On 9/1/2004 10:29 AM, Joe Conway wrote:

Jeff wrote:

On Aug 31, 2004, at 6:30 PM, Josh Berkus wrote:
Huh? You can replicate onto the same server. Kicks your performance in
the teeth but it works fine. Heck, I did it on my laptop as a demo.

Doesn't work If you have say, a 100GB db and only 50GB free space.
Not nearly enough to duplicate. But plenty of breathing room for normal operation.


Various db's support in place upgrades. and I'm thankful I tried Informix's out on a test db first because it simply scribbled over all the data instead of upgrading. Support told me that can happen sometimes. COOL HUH?
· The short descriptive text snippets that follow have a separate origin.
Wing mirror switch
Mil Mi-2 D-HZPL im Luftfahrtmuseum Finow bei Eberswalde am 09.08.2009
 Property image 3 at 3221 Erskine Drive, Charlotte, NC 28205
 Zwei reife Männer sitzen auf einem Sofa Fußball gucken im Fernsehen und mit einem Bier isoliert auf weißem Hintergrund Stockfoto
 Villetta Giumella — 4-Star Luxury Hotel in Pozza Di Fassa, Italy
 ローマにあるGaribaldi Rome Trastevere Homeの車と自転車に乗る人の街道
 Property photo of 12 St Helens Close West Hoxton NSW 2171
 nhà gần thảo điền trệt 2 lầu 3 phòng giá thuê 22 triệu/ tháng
I think that's an incredibly important point, i.e., even if you want to do an "in place" upgrade, you ought to be testing it out first on a *full* copy of your production database. IMHO, anything less than a full test is playing fast-and-loose with your data. This in turn implies that you need enough space for a full replica anyway, so why not use slony?

Which is another point I was about to ask. How do these people, running those huge and horribly important databases, ever test a single application change? Or any schema changes for that matter. Do they really type "psql -c 'alter table ...' proddb" and believe they are professional users because they know what they are doing?


And don't tell me "we have a backup, so we could ...". That would mean that you can afford the downtime in the first place.